To create an enjoyable learning environment in which coaches share their ideas and practices and develop their understanding of Integral Coaching: a comprehensive approach to instruction.
“Integral means wholeness, and in the case of integrative coaching, it comprises all of the various disciplines of knowledge, anatomy, physics, biomechanics, physiology, psychology,neuroscience, and all of our life experiences, forming a holistic teaching approach. This coaching approach balances analytical, linear type thinking from our academic training with the intuitional and integral thinking from our various life and coaching. experiences. The conference offerings attempts to be a very fine balance between the experimental and experiential, having, ‘no stone is left untouched.’ ”
In keeping with our partnership with the George Pocock Foundation we are striving for “Harmony, Balance, and Rhythm” in our Coaching.1
How will you benefit?
- Enhance your understanding of the various levels and areas of technical/scientific skills and knowledge.
- Cultivate a high performance culture among athletes at all levels to optimize the likelihood of long-term benefits.
- Develop an understanding of the important introductory level activity of our sport.
- Acquire the understanding of how to build a strong coaching support team by incorporating appropriate levels of expert support from both within the club and from external consultants.
- Learn how to evaluate your own performance in order to modify your own coaching.
- Develop your understanding of Integral Coaching.
- Exchange ideas within the network of the conference in a non-competitive environment.

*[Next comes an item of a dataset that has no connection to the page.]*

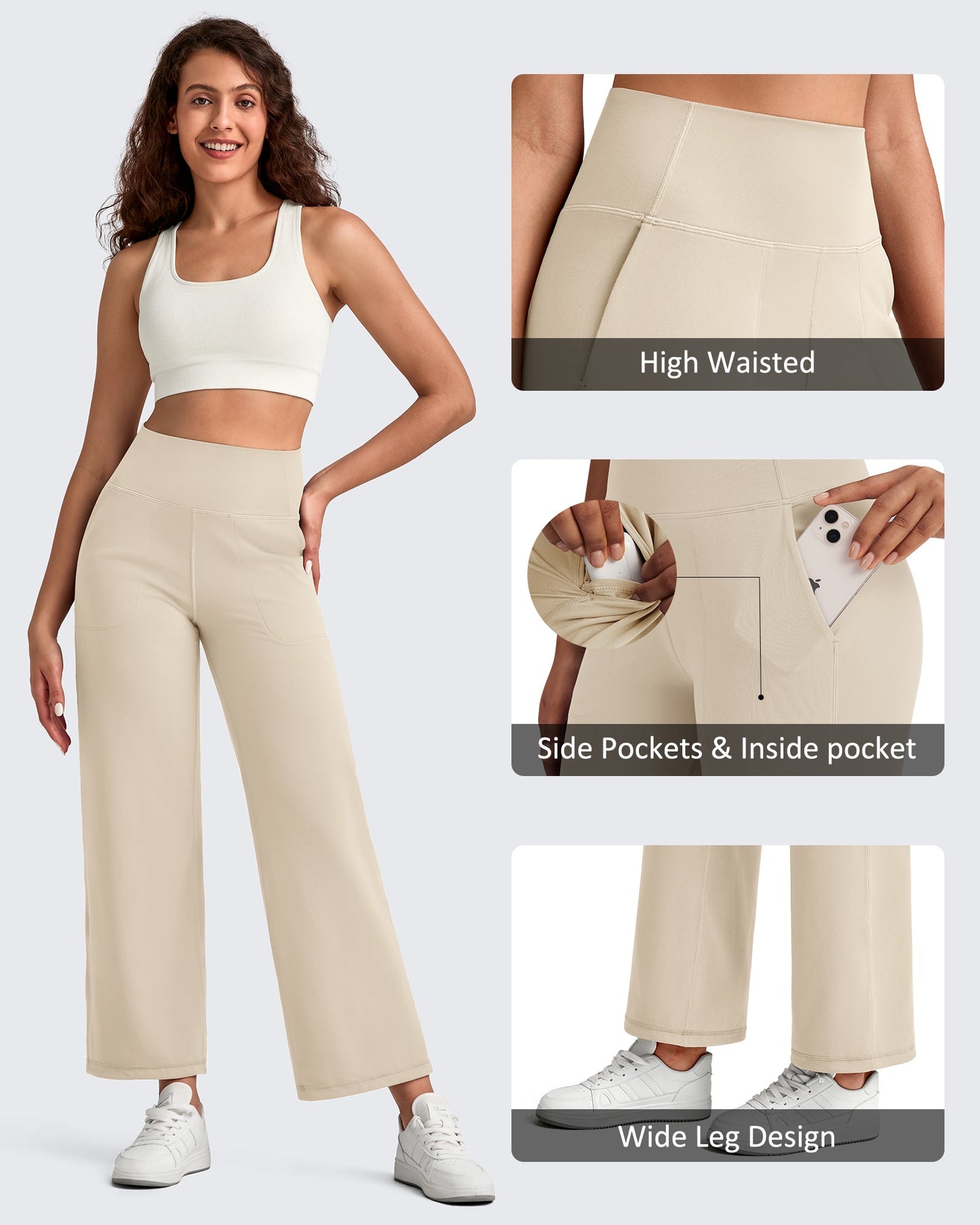 Pantalones Tobilleros de Pierna Ancha y Talle Alto BareFeel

Presenters’ Biographies and Topics
Coach SandyArmstrong is Executive Director, Head Coach, and Junior Women’s Varsity Coach at Marin Rowing. Coach Armstrong started her coaching career at Marin Rowing in 1984 after graduating, and rowing, for Redwood High School in 1982. She played competitive soccer in college while coaching the rowing team at Marin. For her role in Junior Women’s Rowing, Armstrong was voted the 2013 US Rowing “Women of the Year.” Armstrong has spent three years as an assistant coach for the Junior Women’s National Team, bringing home one bronze (2011), one silver (2012) medal, and a 5th place (2016) in the Jr. Women’s 8+. Under her tenure, she has qualified for the Youth National Championships 19 out of the 21 year history of the Youth National Championships, bringing home 5 gold, 5 silver, and 4 bronze medals from this event. Her Junior Women’s 8+ holds the Southwest Regional Championship record with 17 golds, 7 silver and 2 bronze. Coach Armstrong sat on US Rowing Junior Women’s Committee for 10 years and currently sits on the SW Regional Rowing Board of Stewards, a position she has held since 1994.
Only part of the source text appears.